Short text fragments from websites:
════

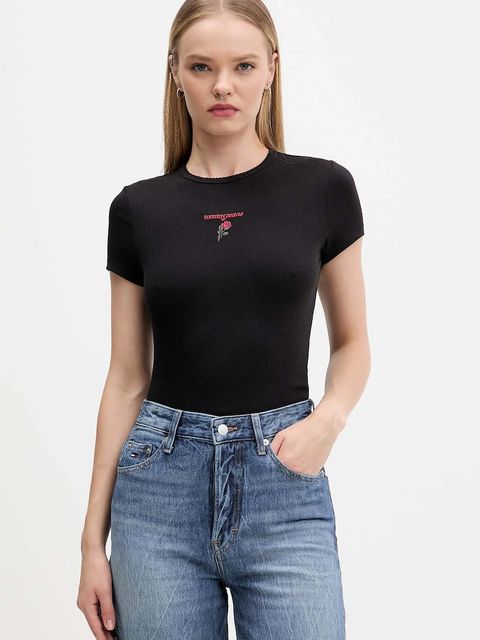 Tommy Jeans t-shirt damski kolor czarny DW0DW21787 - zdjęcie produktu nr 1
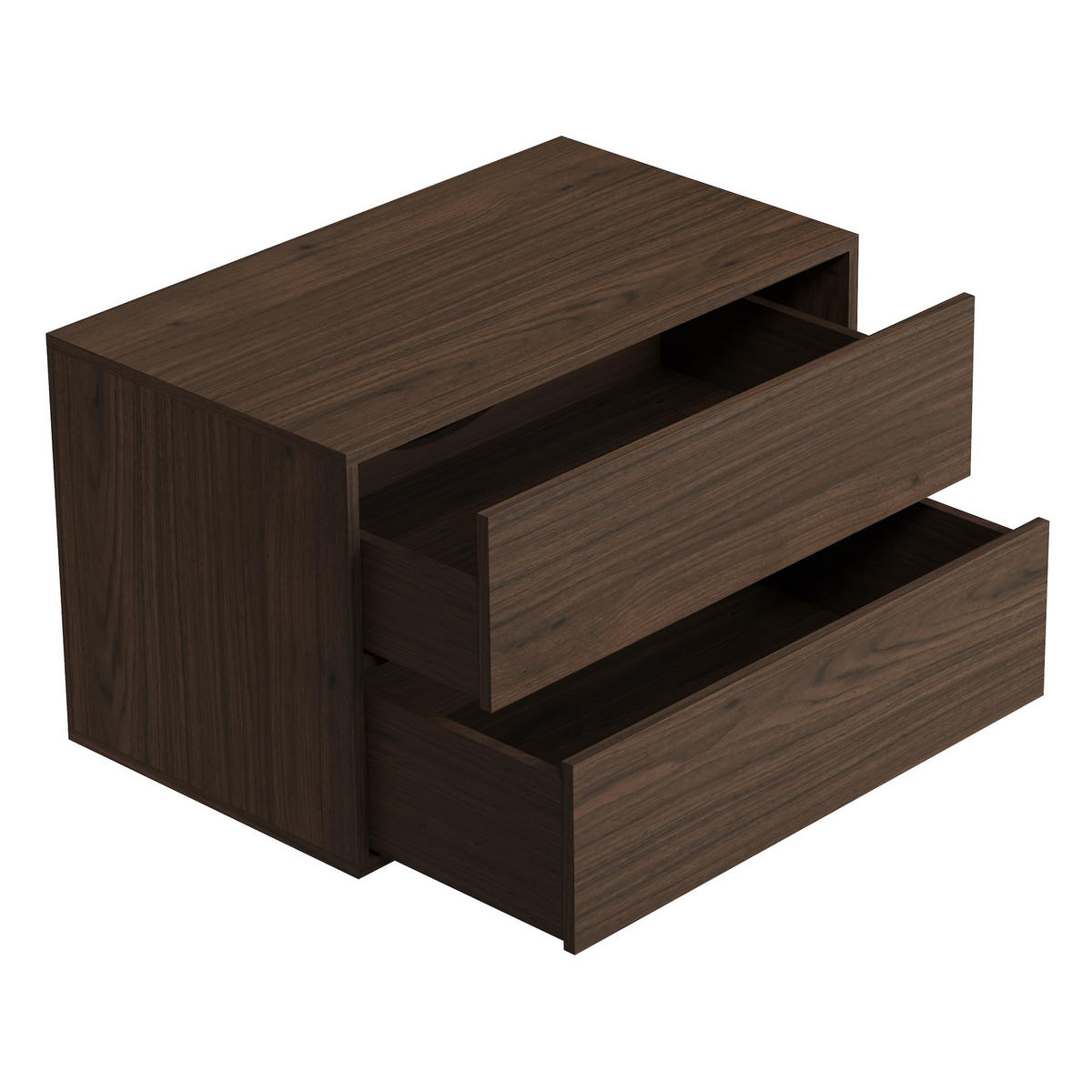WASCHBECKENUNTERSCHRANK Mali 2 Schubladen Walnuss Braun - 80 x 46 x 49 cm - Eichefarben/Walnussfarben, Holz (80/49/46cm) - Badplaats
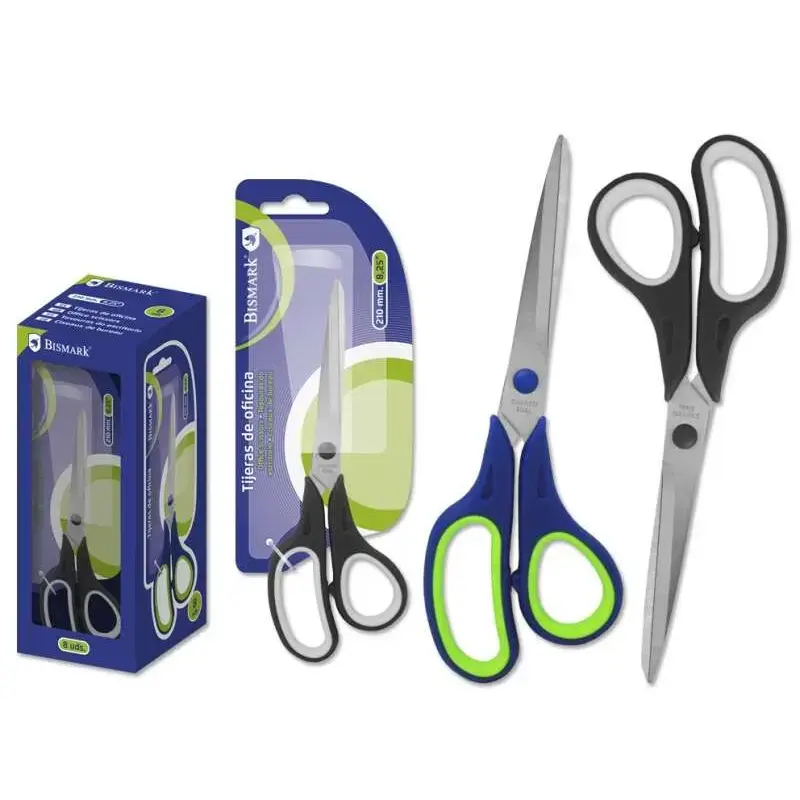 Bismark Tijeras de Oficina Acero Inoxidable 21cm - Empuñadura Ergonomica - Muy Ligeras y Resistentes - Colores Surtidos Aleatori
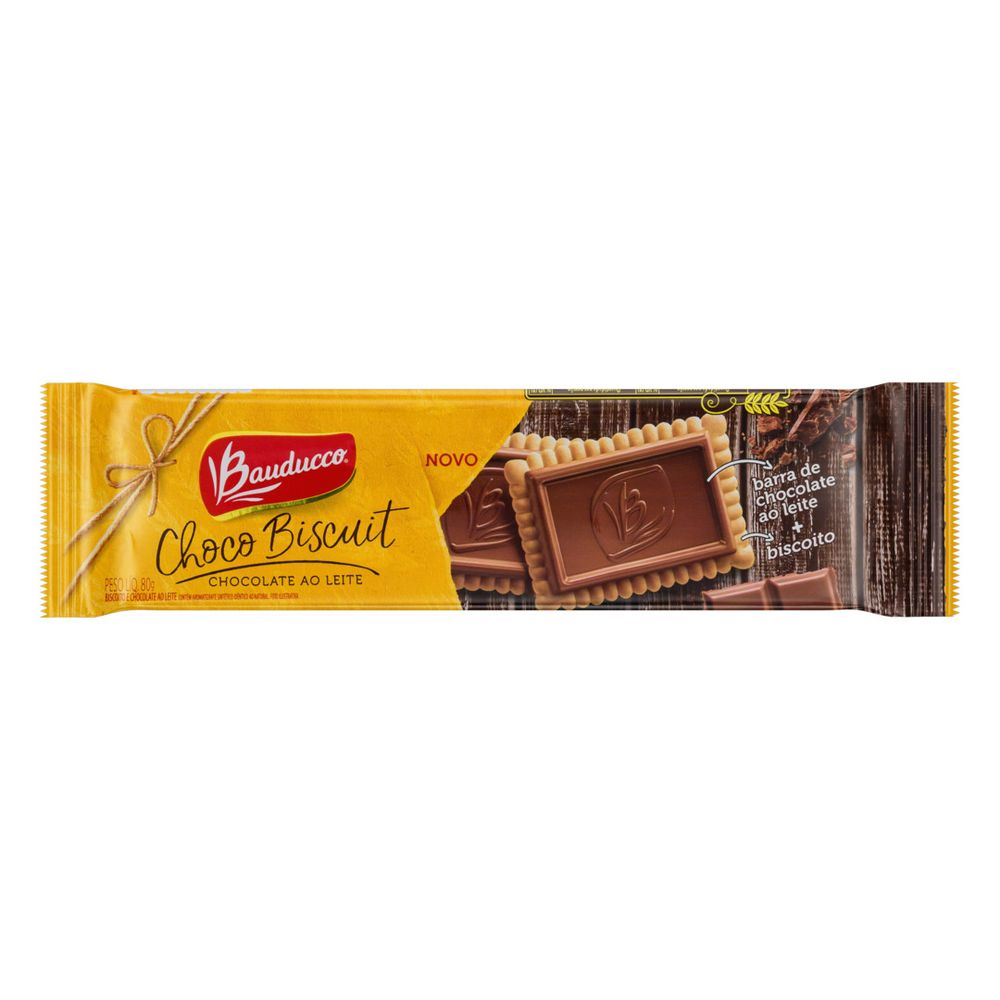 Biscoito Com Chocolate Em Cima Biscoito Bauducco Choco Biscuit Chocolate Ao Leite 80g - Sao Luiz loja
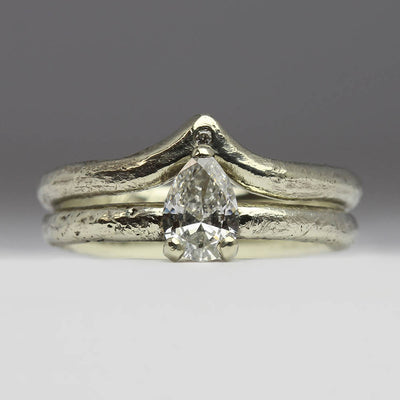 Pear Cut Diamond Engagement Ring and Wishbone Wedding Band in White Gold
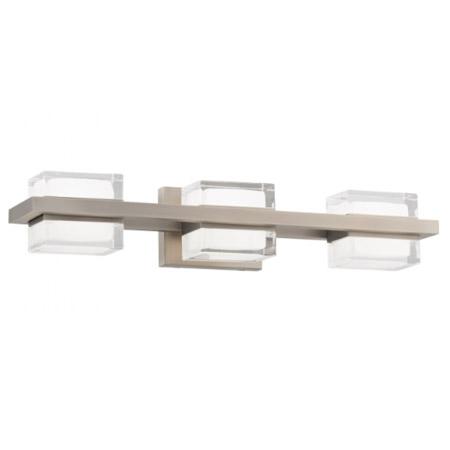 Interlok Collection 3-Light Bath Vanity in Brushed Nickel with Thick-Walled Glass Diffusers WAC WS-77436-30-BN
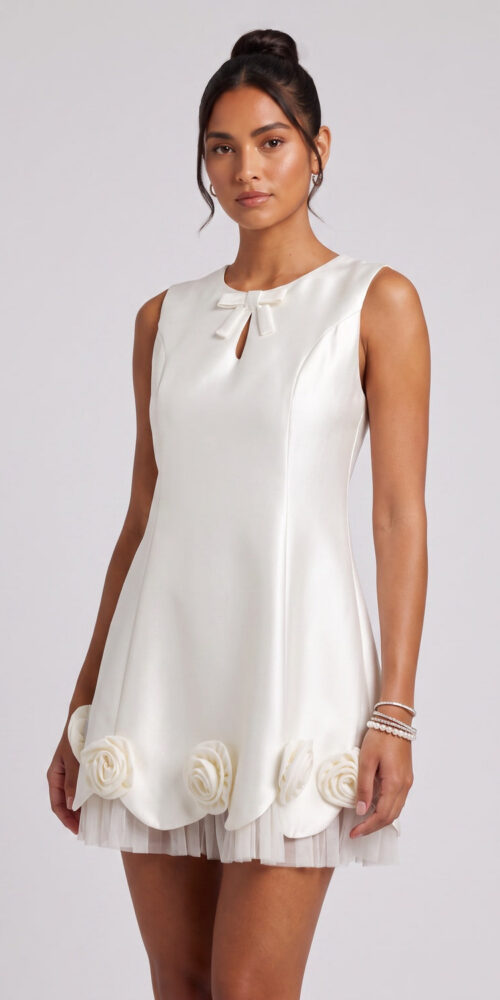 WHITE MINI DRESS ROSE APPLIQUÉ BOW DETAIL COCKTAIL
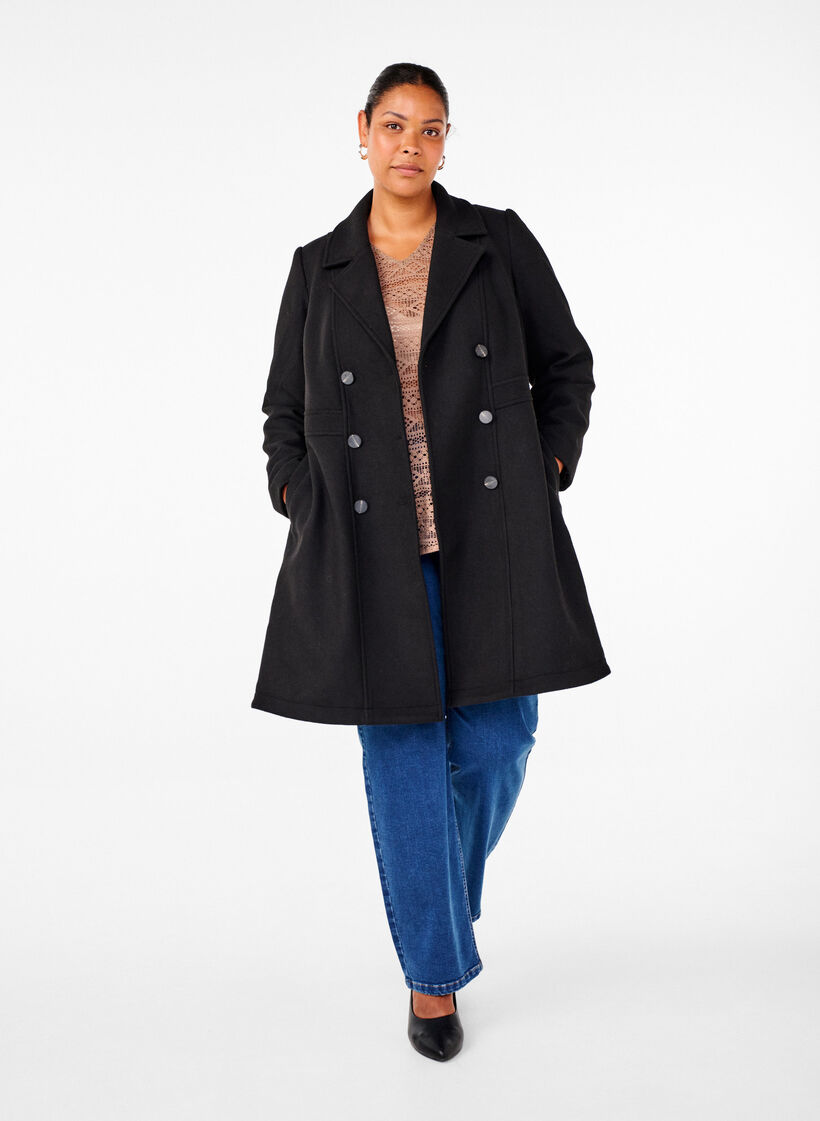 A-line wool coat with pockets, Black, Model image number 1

════

TO DO:
Copy each entry exactly, with no pictures.

ANSWER BELOW:
 Tommy Jeans t-shirt damski kolor czarny DW0DW21787 - zdjęcie produktu nr 1
WASCHBECKENUNTERSCHRANK Mali 2 Schubladen Walnuss Braun - 80 x 46 x 49 cm - Eichefarben/Walnussfarben, Holz (80/49/46cm) - Badplaats
 Bismark Tijeras de Oficina Acero Inoxidable 21cm - Empuñadura Ergonomica - Muy Ligeras y Resistentes - Colores Surtidos Aleatori
 Biscoito Com Chocolate Em Cima Biscoito Bauducco Choco Biscuit Chocolate Ao Leite 80g - Sao Luiz loja
 Pear Cut Diamond Engagement Ring and Wishbone Wedding Band in White Gold
 Interlok Collection 3-Light Bath Vanity in Brushed Nickel with Thick-Walled Glass Diffusers WAC WS-77436-30-BN
 WHITE MINI DRESS ROSE APPLIQUÉ BOW DETAIL COCKTAIL
 A-line wool coat with pockets, Black, Model image number 1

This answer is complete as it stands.